Jeudi, dans une note d’information aux directions départementales de l’emploi, le directeur général du travail - qui dépend du ministère du Travail - a rappelé « le contexte » particulier de ce 1er Mai et appelé à la « vigilance ».
Flou juridique
En effet, en principe, « le 1er Mai est un jour férié et chômé ». Selon l’article L3133-4 du Code du Travail, les établissements qui ne respectent pas cette règle s’exposent à une amende de 750 euros par employé travaillant.
Il existe cependant des exceptions pour « les établissement qui doivent avoir une continuité du type hôpitaux, transports ». Cela prend également en compte les hôtels et restaurants. Les fleuristes et boulangers, eux, ne font pas partie de cette catégorie.
De ce fait, le gouvernement a présenté mercredi le projet de loi qui prévoit qu’en 2027, artisans boulangers et fleuristes pourront faire travailler leurs salariés le 1er Mai. Mais le texte n’est pas encore entré en vigueur et les boulangers et fleuristes sont donc toujours dans le flou.

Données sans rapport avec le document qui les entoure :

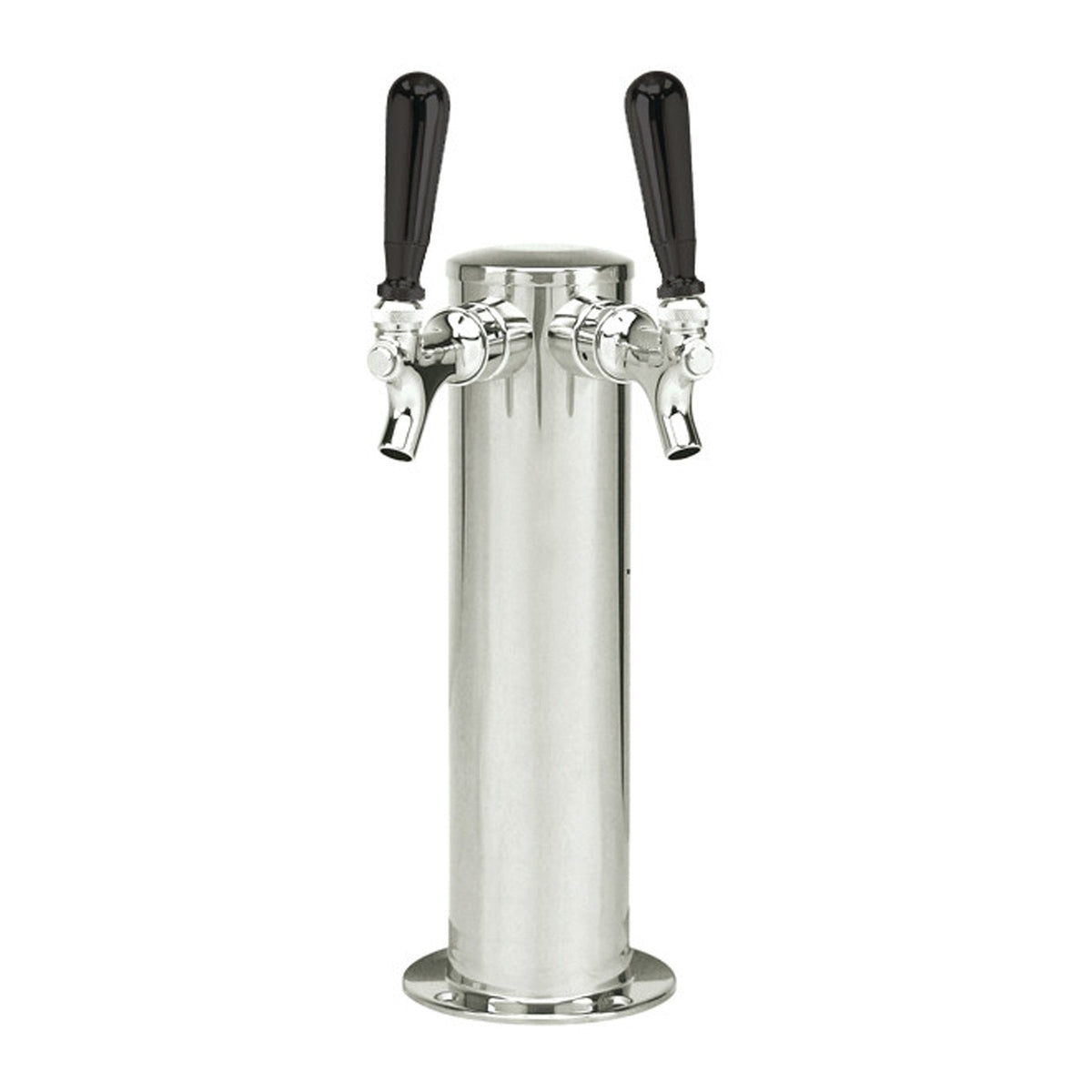 Lynx Professional Double Tap Tower Kit - L24TWD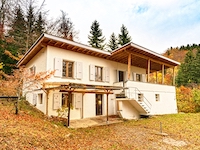 Villa 5.5 Zimmer St-Cergue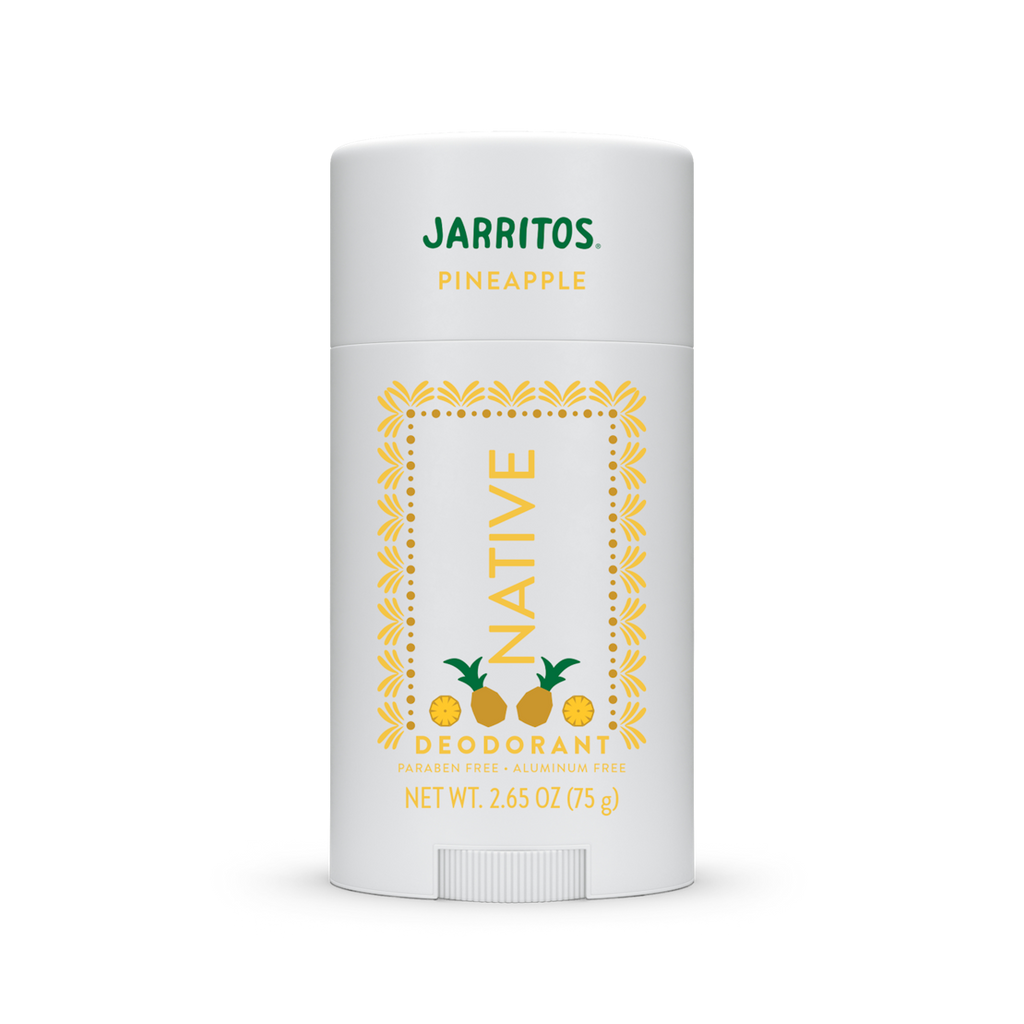 Deodorant Stick - Last Chance - Fresh Routine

Si la procédure visant la boulangerie Le Pétrin Dauphinois aboutit, Éric Amieux risque plus de 5 000 euros d’amende pour ses sept employés - quatre vendeuses, un boulanger, deux pâtissiers - en poste ce vendredi.
« Ça ne me fait vraiment pas peur, parce que je sais qu’on a le soutien de la profession, et que le Premier ministre Sébastien Lecornu a été clair (en indiquant) que s’il y avait des amendes, on ne le payerait pas », confie Éric Amieux.
Après cette inspection, le boulanger a d’ailleurs reçu un appel du chef du gouvernement lui-même, a indiqué Matignon au Parisien, confirmant une information d’Europe 1.
« Délinquance patronale »
La « cacophonie gouvernementale a laissé libre à la délinquance patronale », a regretté vendredi la secrétaire générale de la CGT Sophie Binet. « Ce n’est pas le vol du 1er Mai qu’il faut mettre à l’ordre du jour du Parlement. C’est un grand plan pour l’augmentation des salaires », a-t-elle expliqué.